Out today from Leméac Éditeur is the French North American edition of Ian Weir’s THE DEATH AND LIFE OF STROTHER PURCELL, titled MORT ET VIE DE STROTHER PURCELL. Originally published in English by Goose Lane Editions, this novel was translated into French by Aurélie Laroche.

“Masterfully crafted storytelling, witty and pacy and scratchy with grit. When it comes to the ‘Canadian Western,’ Ian Weir thrills and heartbreaks in similar ways as Guy Vanderhaeghe, and if that all sounds like a good time, it is.” — Andrew Pyper

In 1876, the fabled lawman Strother Purcell disappears into a winter storm in the mountains of British Columbia, while hunting down his outlawed half-brother. Sixteen years later, the wreck of Purcell resurfaces – derelict, homeless and one-eyed – in a San Francisco jail cell. And a failed journalist named Barrington Weaver conceives a grand redemptive plan. He will write Purcell’s true-life story. All it requires is a final act…

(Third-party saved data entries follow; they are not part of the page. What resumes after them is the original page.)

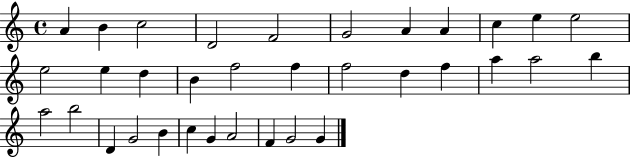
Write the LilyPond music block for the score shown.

{
  \clef treble
  \time 4/4
  \defaultTimeSignature
  \key c \major
  a'4 b'4 c''2 | d'2 f'2 | g'2 a'4 a'4 | c''4 e''4 e''2 | \break e''2 e''4 d''4 | b'4 f''2 f''4 | f''2 d''4 f''4 | a''4 a''2 b''4 | \break a''2 b''2 | d'4 g'2 b'4 | c''4 g'4 a'2 | f'4 g'2 g'4 | \break \bar "|."
}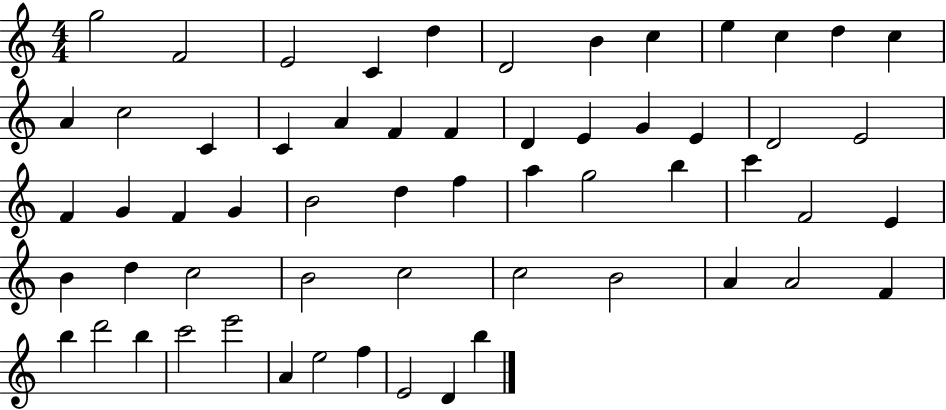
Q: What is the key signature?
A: C major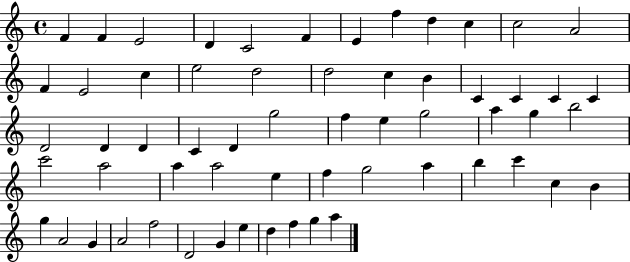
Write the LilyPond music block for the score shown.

{
  \clef treble
  \time 4/4
  \defaultTimeSignature
  \key c \major
  f'4 f'4 e'2 | d'4 c'2 f'4 | e'4 f''4 d''4 c''4 | c''2 a'2 | \break f'4 e'2 c''4 | e''2 d''2 | d''2 c''4 b'4 | c'4 c'4 c'4 c'4 | \break d'2 d'4 d'4 | c'4 d'4 g''2 | f''4 e''4 g''2 | a''4 g''4 b''2 | \break c'''2 a''2 | a''4 a''2 e''4 | f''4 g''2 a''4 | b''4 c'''4 c''4 b'4 | \break g''4 a'2 g'4 | a'2 f''2 | d'2 g'4 e''4 | d''4 f''4 g''4 a''4 | \break \bar "|."
}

What unfolds is an archetypal saga of obsession, lost love, treachery, and revenge, told in Ian Weir’s trademark funny, fast, wickedly intelligent style. A deadpan revisionist Western, refracted through a Southern Gothic revenge tragedy, THE DEATH AND LIFE OF STROTHER PURCELL is a novel about two cursed brothers, a pair of eldritch orphans, the vexed nature of truth, and the yearnings of that treacherous sonofabitch the human heart.

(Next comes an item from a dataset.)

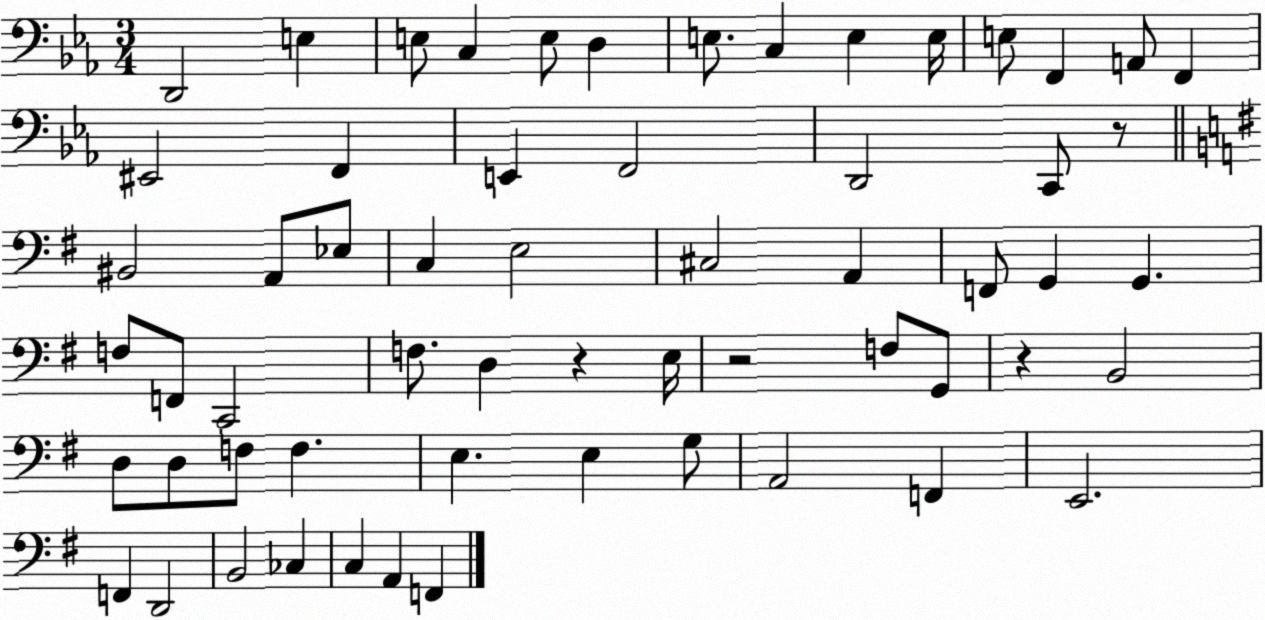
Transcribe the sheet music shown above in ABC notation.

IAN WEIR is a playwright, screenwriter, TV showrunner, and the author of two previously published novels. Daniel O’Thunder was shortlisted for the Commonwealth Writers’ Prize for Best First Book, as well as the Canadian Authors Association Award for fiction, the Ethel Wilson Fiction Prize, and the amazon.ca First Novel Award. Will Starling was longlisted for the International DUBLIN Literary Award and shortlisted for the Sunburst Award. Among his extensive television credits are his work as creator and showrunner of Arctic Air and as writer and executive producer of the acclaimed gangland miniseries, Dragon Boys. He has won two Geminis, four Leos, a Jessie, and a Writers Guild of Canada Screenwriting Award.